– 20.05.2018
Saturday and Sunday: 2pm-6pm
The result of several visits to Eurico Gonçalves’ studio located in the CML studio complex in Coruchéus, above the Quadrum Gallery, where the artist showcased his work in 1978, this exhibition, organised by the Municipal Galleries/EGEAC in association with the Lisbon Municipal Directorate of Culture, features a wide selection of previously unseen works – paintings on paper.
These works, identified by the artist himself as works of Zen-Inspired Gestural, Informal and/or Calligraphic Painting, were in the possession of well-known critic, art historian and brother of the artist, Rui Mário Gonçalves, until his death in 2014.
Influenced by Surrealism, Dadaism and Zen Buddhist philosophy – for example, it may be recalled that in 1963, Japanese Zen author Daisetsu Teitaro Suzuki was nominated for the Nobel Peace Prize – Eurico Gonçalves’s work was developed on the basis of a spontaneous and at times markedly informal visual and pictorial automatism of an anti-academic nature, that from the 1960s gave rise to a lyrical, gestural abstractionism of a very intuitive nature.
Exposing the nakedness of the medium and using only India ink, Eurico Gonçalves makes use of the semiotic qualities of ink stains on paper and understands the artist’s work as a way of approaching life and its flow, underlining the continuity between art and life with contrasting intensities, empty spaces, dynamics and rhythms.
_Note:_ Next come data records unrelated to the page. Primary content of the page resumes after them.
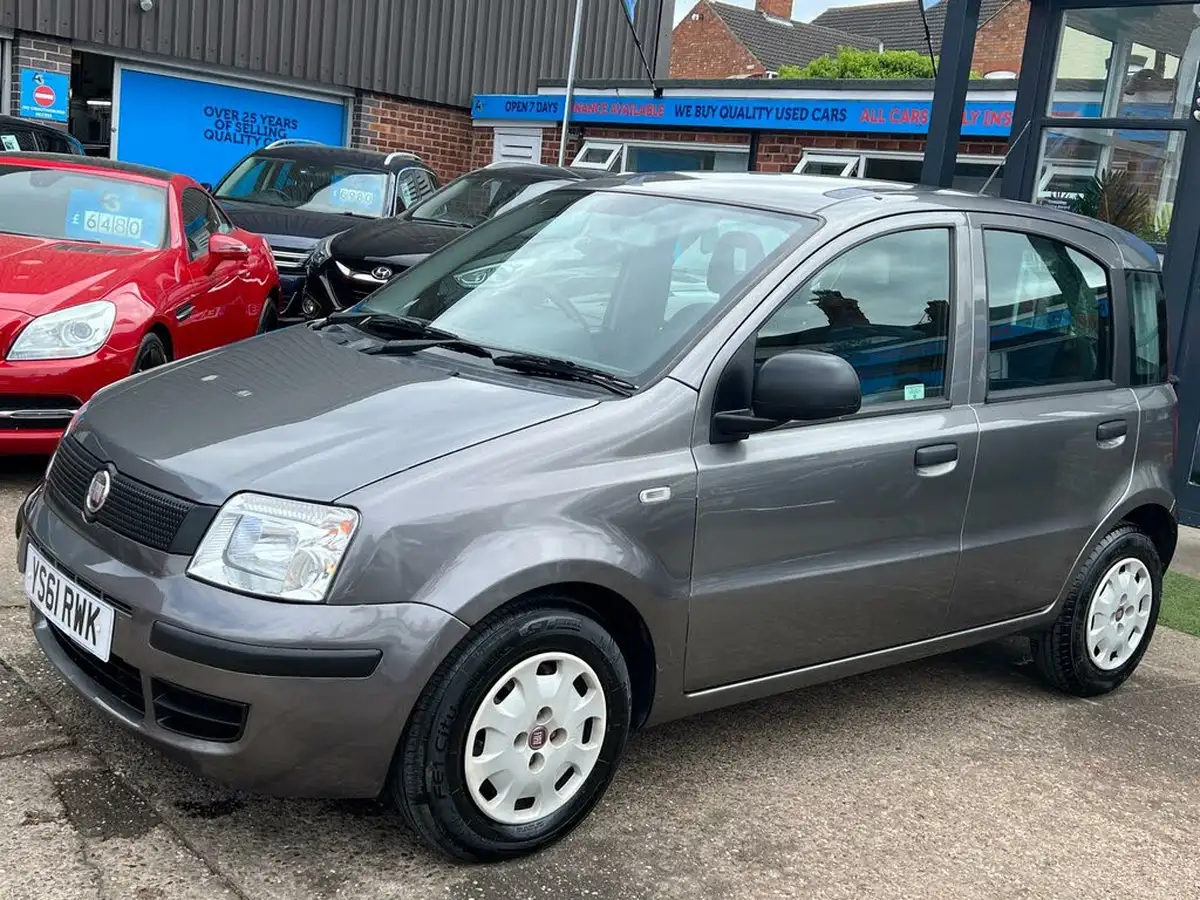 2012-fiat-panda-12-active-big-25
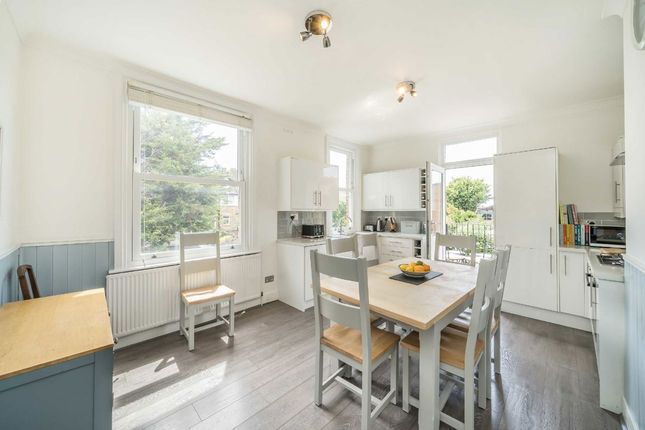 6, Lessingham Avenue, London photo 4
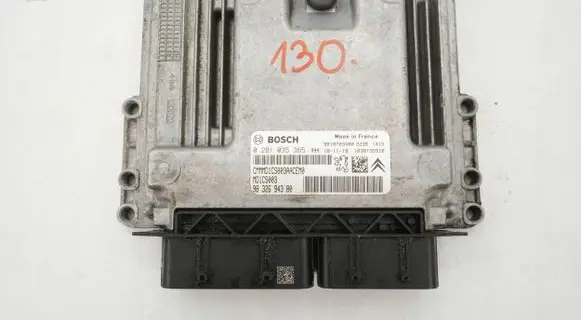 Peugeot 3008 I Engine control unit/module 9832694380 0281035365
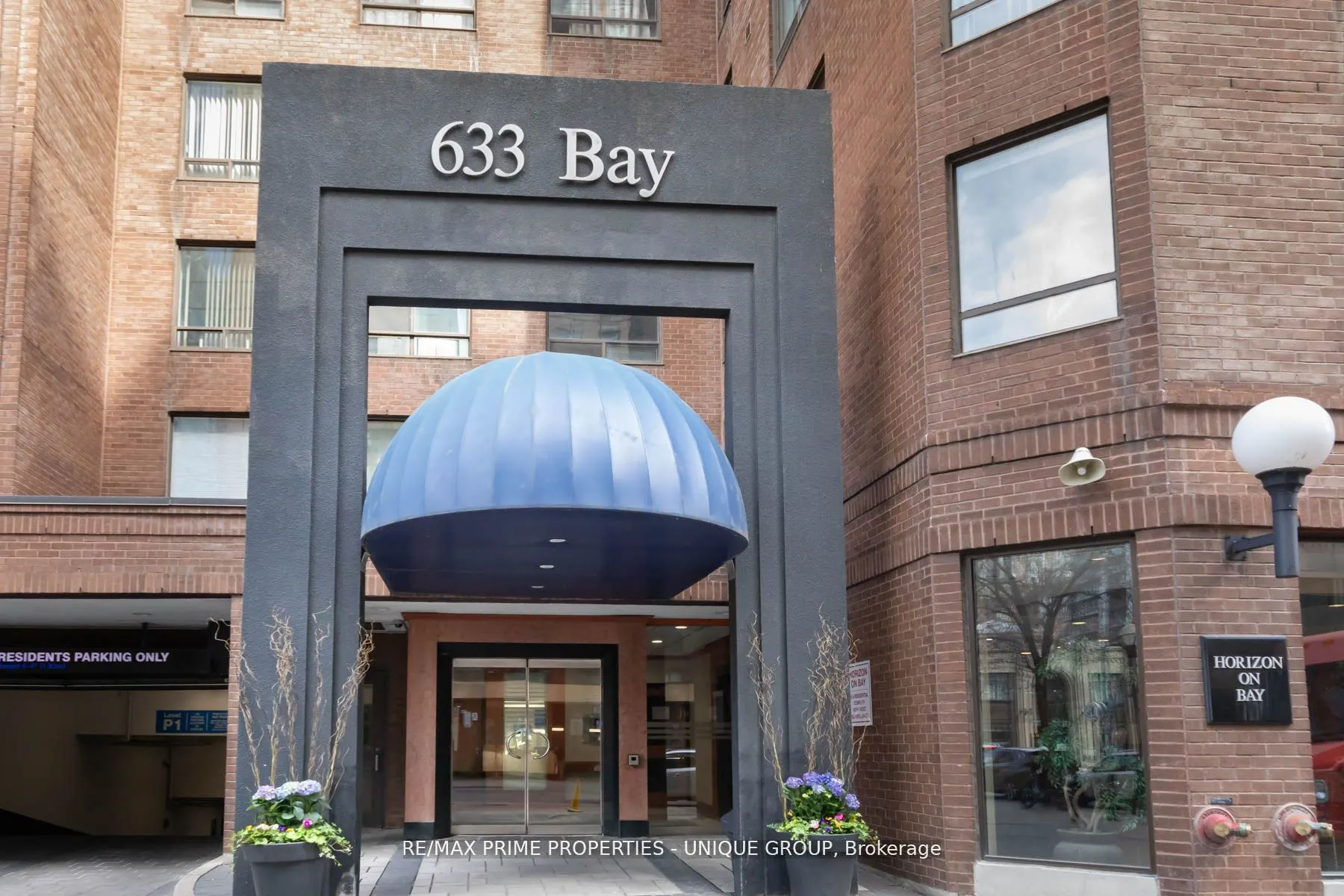 633 Bay Street, #903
The more than fifty works on display, showcase an experimental period of Eurico Gonçalves that is strongly marked by works circulating in the European and international cultural fabric at the time – the artist himself recognising these various influences.
These experiments essentially arise from an exploration of the relationship between the unconscious and the vitality of the creative gesture, more and less contained, promoting the free flow of the pictorial material, affording a role to chance and denying form, which, in the words of the artist himself, construct a work “without correction or retouching that, in my view, finds affinities with the vitalism of Dada”.